__Problem requirements__
Pictures aside, print all of the data below exactly as written.

__Collected material__
= = = = = = =

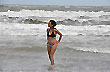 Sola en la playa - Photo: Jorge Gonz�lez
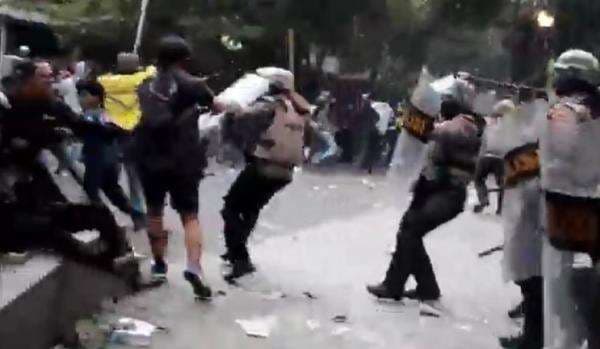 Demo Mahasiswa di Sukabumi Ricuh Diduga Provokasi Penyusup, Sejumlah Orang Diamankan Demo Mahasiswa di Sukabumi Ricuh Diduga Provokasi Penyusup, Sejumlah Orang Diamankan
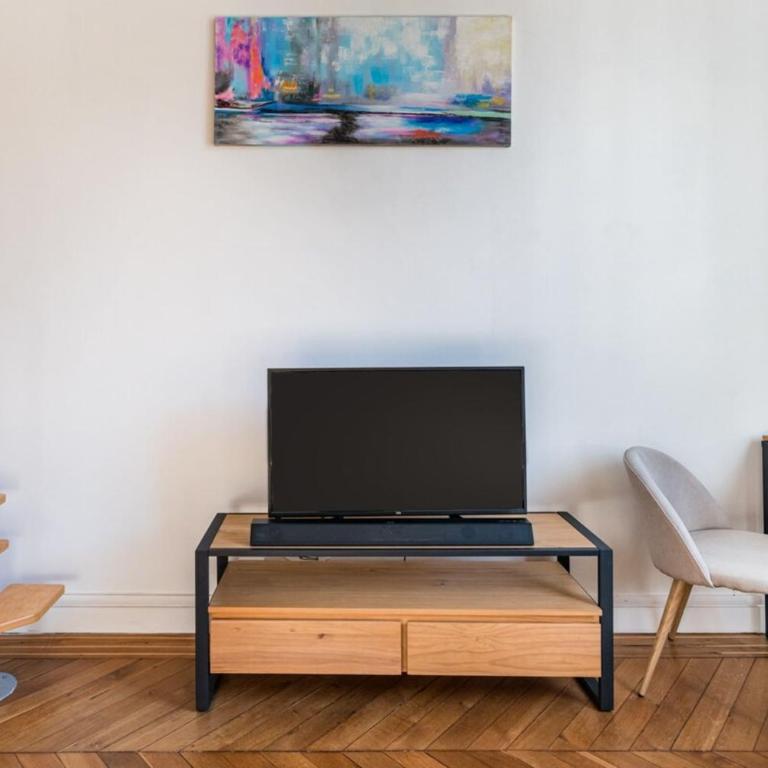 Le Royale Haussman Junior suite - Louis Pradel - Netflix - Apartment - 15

= = = = = = =

__Solution to this task__
 Sola en la playa - Photo: Jorge Gonz�lez
 Demo Mahasiswa di Sukabumi Ricuh Diduga Provokasi Penyusup, Sejumlah Orang Diamankan Demo Mahasiswa di Sukabumi Ricuh Diduga Provokasi Penyusup, Sejumlah Orang Diamankan
 Le Royale Haussman Junior suite - Louis Pradel - Netflix - Apartment - 15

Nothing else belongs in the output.